You have to run your hospital as efficiently as possible-and that’s important for SSM Health, regardless of any changes to CMS’ payment structure, says Roettger.
3. Evidence-based medication pathways can also be part of the solution.
Thought leaders throughout SSM Health have come together in what Roettger calls the organization’s therapeutics committee to develop pathways that help guide how providers use medications to treat patients.
In the case of pneumonia, for example, SSM Health has convened a group of pulmonologists and clinical pharmacists to review the literature and determine the best care plans for patients. Then those care plans are uploaded into the health system’s electronic health record, which means, for example, that the emergency room doctor only needs to select that the patient has community-acquired pneumonia and the patient will receive a certain set of antibiotics.
SSM Health has developed similar treatment pathways for other conditions, such as diabetic ketoacidosis, heart attack, stroke, and other disease types, he says.
Embracing evidence-based care pathways for patients is the right thing to do for patient care, says Roettger, who says SSM Health would undertake this approach to care, regardless of CMS’ payment changes.
4. The program would impact cancer and rheumatology drugs the most.
While focusing on drugs provided in an outpatient setting sounds “innocuous,” it’s unclear to Roettger why CMS is focusing on cancer and rheumatology patients to achieve savings.
He estimates that more than 80% of the dollars spent by his health system on drugs in the outpatient space are for oncology and rheumatology patients. And there’s a good reason for that, he says: The cure rate for breast cancer and pediatric leukemia, just to cite two examples, are the best we’ve seen in our country because of pharmaceutical breakthroughs.
Cancer and rheumatology drugs help cure life-altering conditions, says Roettger.
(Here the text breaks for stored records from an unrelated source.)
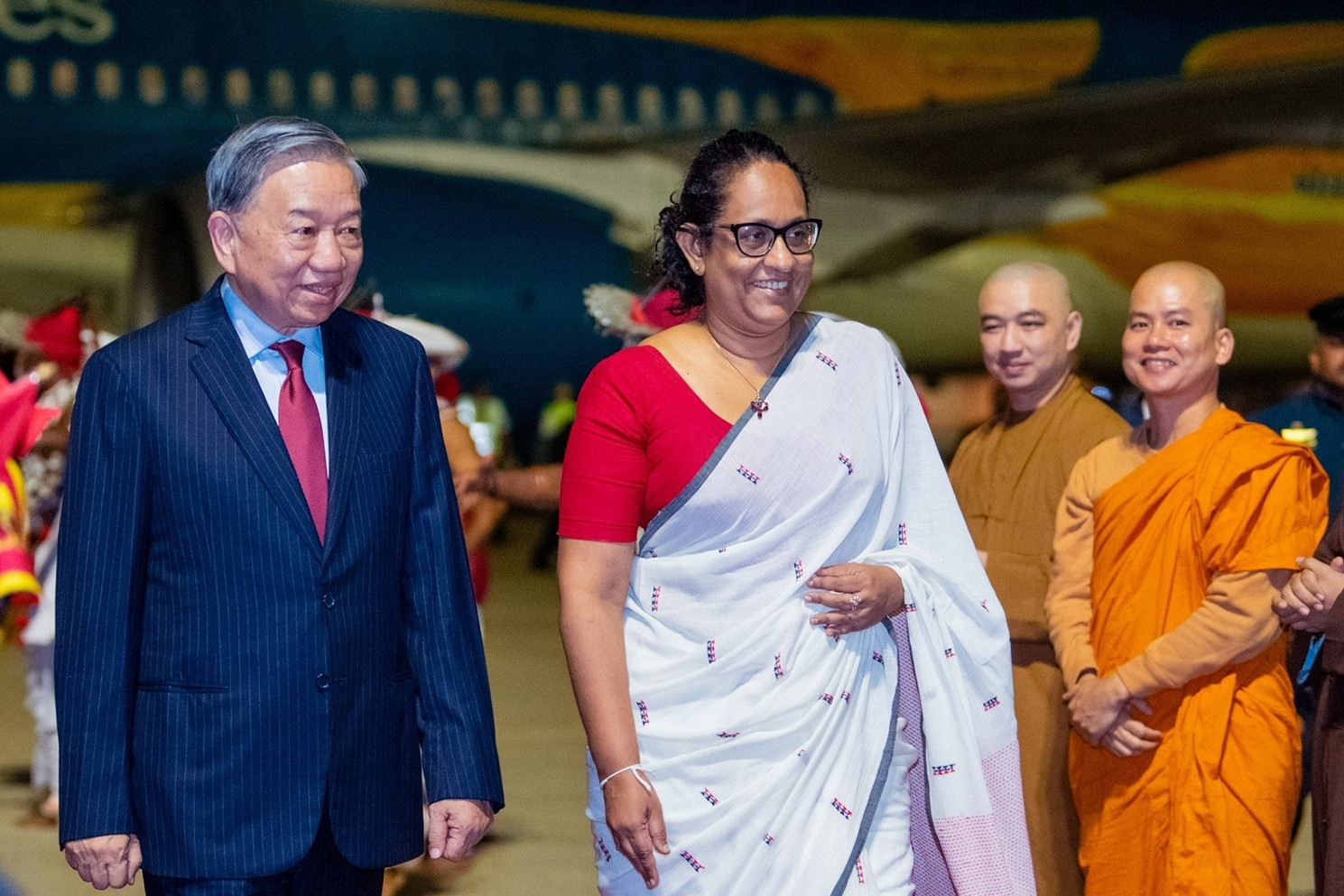 Thủ tướng Sri Lanka ra sân bay đón Tổng Bí thư, Chủ tịch nước Tô Lâm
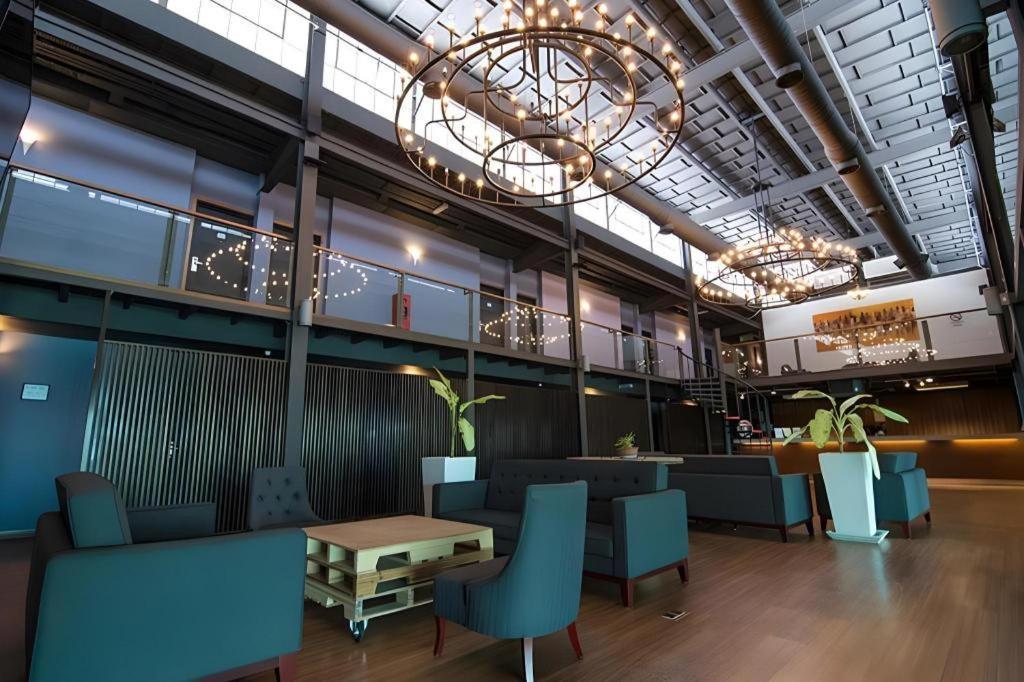 Quayside 3*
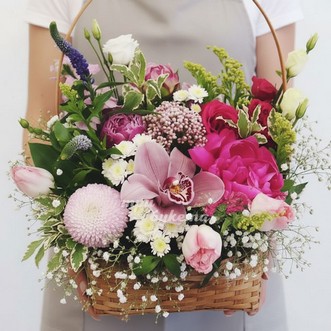Корзина пионов и орхидей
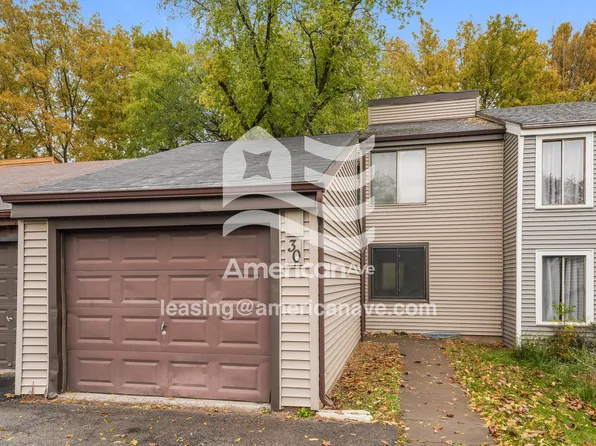 30 Tilegate Gln, Fairport, NY 14450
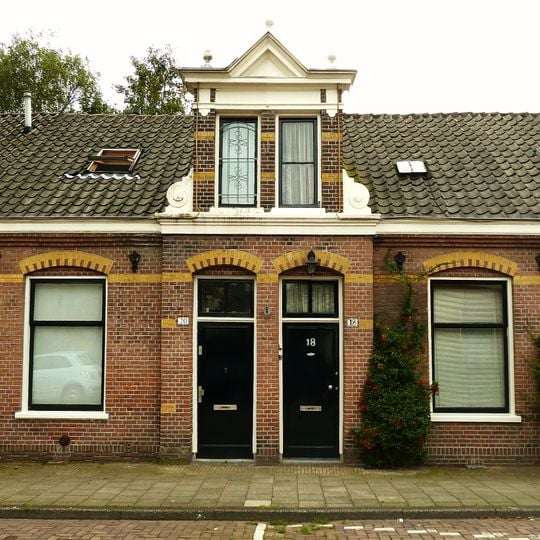 Woonblok met arbeiderswoningen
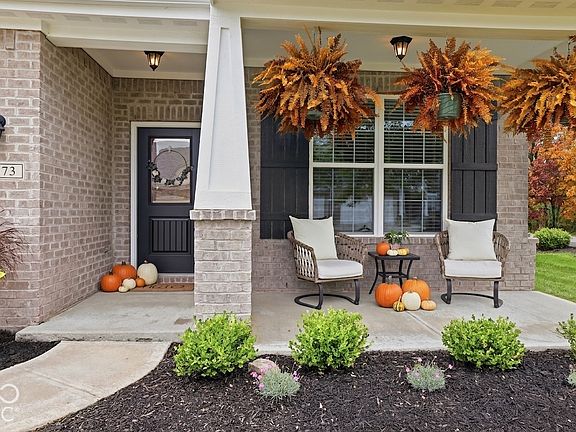 2nd image of 2373 Somerset Cir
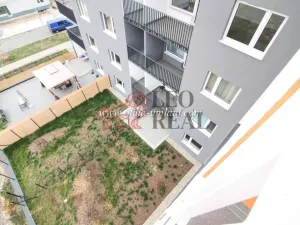 Pronájem bytu 2+kk, Praha - Vysočany, Strnadových, 63 m2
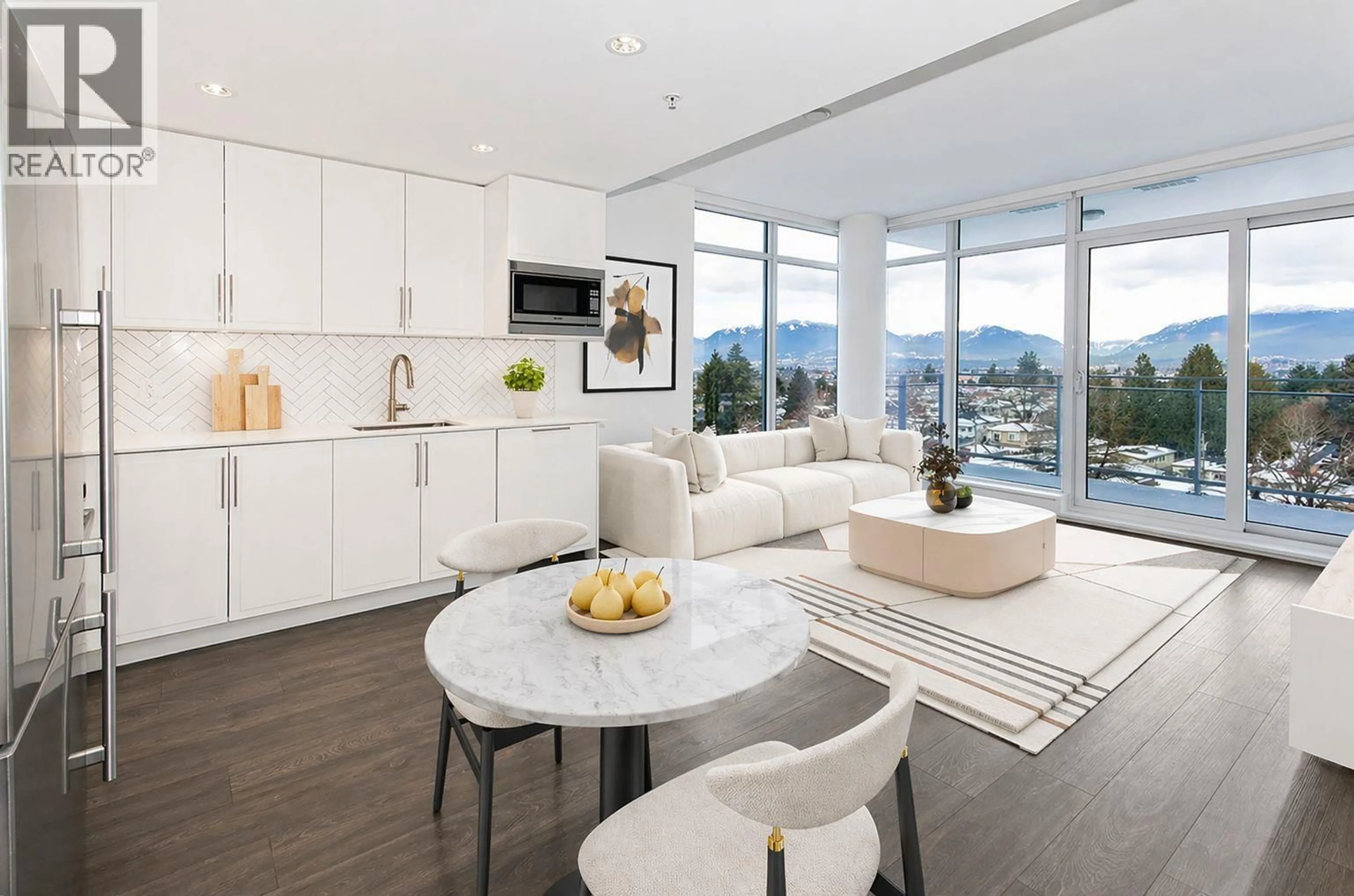 Open concept kitchen, unknown for 808 - 2435 KINGSWAY STREET, Vancouver British Columbia V5R5G8
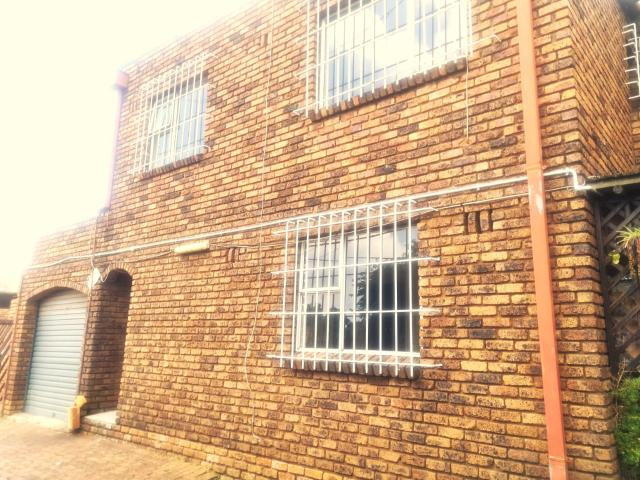 House for rent in Vosloorus, Gauteng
These drugs have introduced real breakthroughs in the past few years that have dramatically changed the lives of patients in terms of extending and saving lives.
Far more women used to die from breast cancer, but that number has gone down largely because of innovations in cancer drug treatments, he says. By way of contrast, Roettger says he would take a much more critical look at ulcer and ear infection medications that had the same treatment rate for a dramatic increase in cost.
SSM Heath’s governmental affairs team is in active communication with members of Congress to “try to make sure [SSM Health’s] voice is heard on this matter,” says Roettger. CMS has received more than 130 comments on its proposed rule, and the agency has a lot of work to do to sort through all of them, says Lawrence Kocot, principal and national leader of KPMG’s Center for Healthcare Regulatory Insight.
“It’s going to be interesting to see what the final rule looks like,” says Kocot, who anticipates a number of changes in the final version. Further, he anticipates that cancer drugs could be one area where CMS decides to scale back its efforts.
5. In the proposed rule, the most expensive drugs would be hit hard by reimbursement cuts.
Drugs that cost more than $480 per day in 2016 would see a reduction in reimbursement, according to a recent study by consulting firm Avalere. This should have a significant impact on oncologists, rheumatologists, and ophthalmologists, who tend to use more expensive drugs for which there generally aren’t lower cost alternatives. Further, Avalere found that seven of the 10 drugs to be hit hardest by lower reimbursement are used to treat cancer.